ぽっちゃりナースですが、天才外科医に新妻指名いただきました

「言葉を失っているんです。こういうところに泊まるの、初めてで」

 いわゆるスイートルームというものだろう。

 当然友達どうしの旅行でも、家族旅行でも、このような豪華な部屋に泊まったことはない。

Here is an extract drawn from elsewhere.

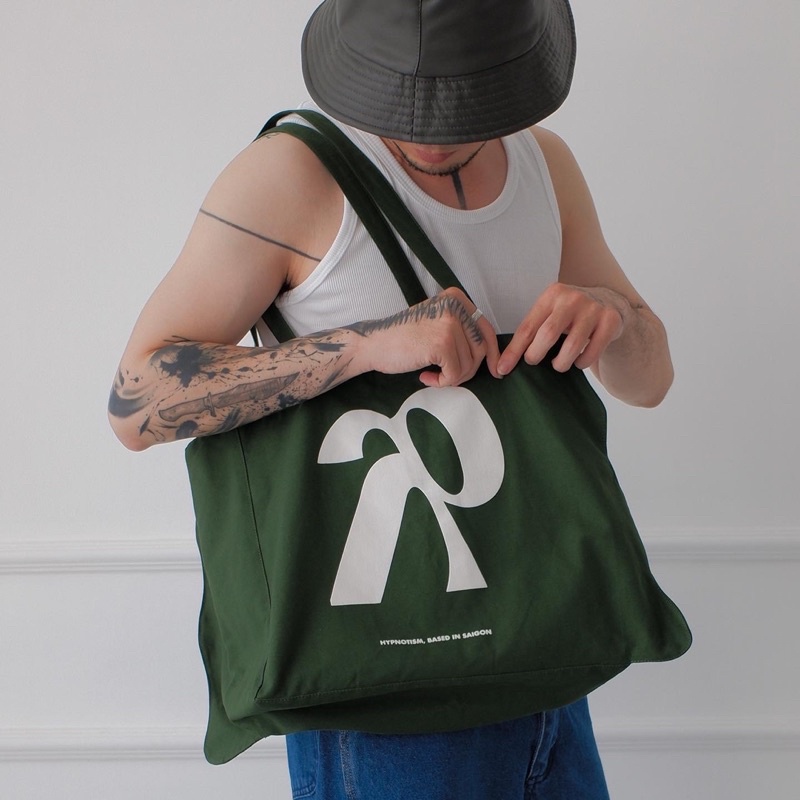 TÚI TOTE BAG IN NỔI LOGO 2 MẶT, HYPNOTISM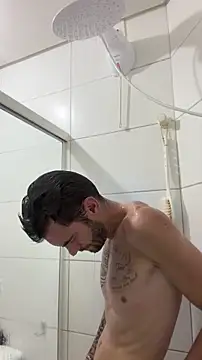 Snapshot of Leonsouzaof chatting on February 2026 01:14:02 AM Leonsouzaof online show from February 2026 01:14:02 AM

 いつも窓が最小限しか開かなくて、薄暗くて、ユニットバスで……みたいなところばかりだった。

「初めての日は、いい思い出にしたいと思ってね」

 部屋の中央でぼんやり周りを見回していた私を、進藤さんが後ろからふわりと抱き寄せた。

 背中に密着した進藤さんの息が、耳元にかかる。

「聞いてた?」

「はい? えっと、あの」

「約束だからな。もう逃がさない」

 進藤さんの手が、服の上から胸の膨らみを柔らかく包み込む。

「わっ、わあっ」

「静かに」

 首筋にキスをされ、全身が震えた。

 彼の手は休むことなく、私の体の感触を確かめている。

 出かける前に覚悟を決めていたはずなのに、いざとなると体が竦んでしまう。

「……シャワー、浴びてくる?」

 彼の声が湿り気を帯びているように聞こえた。

 必死で何度もうなずくと、彼はあっさりと手を放してくれた。